The platters are spun at high speeds. Information is written to a platter as it rotates past mechanisms called read-and-write heads that fly very close over the magnetic surface. The read-and-write head is used to detect and modify the magnetization of the material immediately under it. There is one head for each magnetic platter surface on the spindle, mounted on a common arm. An actuator arm moves the heads on an arc (roughly radially) across the platters as they spin, allowing each head to access almost the entire surface of the platter as it spins.

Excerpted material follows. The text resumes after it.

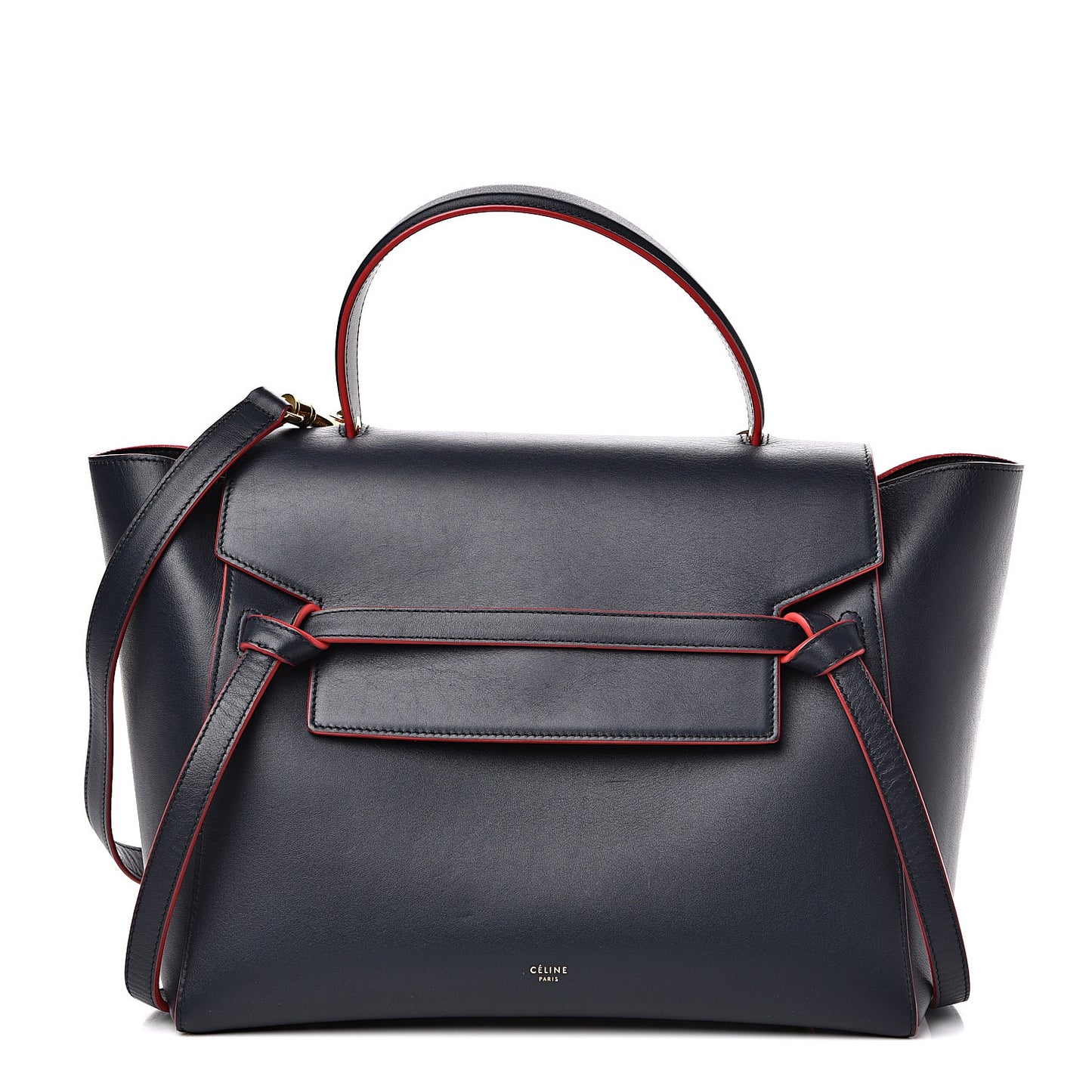 Satin Calfskin Mini Belt Bag Navy Blue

The magnetic surface of each platter is divided into many small sub-micrometre-sized magnetic regions, each of which is used to encode a single binary unit of information. In today's hard drives each of these magnetic regions is composed of a few hundred magnetic grains. Each magnetic region forms a magnetic dipole which generates a highly localised magnetic field nearby. The write head magnetizes a magnetic region by generating a strong local magnetic field nearby. Early hard drives used the same inductor that was used to read the data as an electromagnet to create this field. Later, metal in Gap (MIG) heads were used, and today thin film heads are common. With these later technologies, the read and write head are separate mechanisms, but are on the same actuator arm.
Hard drives have a mostly sealed enclosure that protects the drive internals from dust, condensation, and other sources of contamination. The hard disk's read-write heads fly on an air bearing which is a cushion of air only nanometers above the disk surface. The disk surface and the drive's internal environment must therefore be kept immaculate to prevent damage from fingerprints, hair, dust, smoke particles and such, given the sub-microscopic gap between the heads and disk.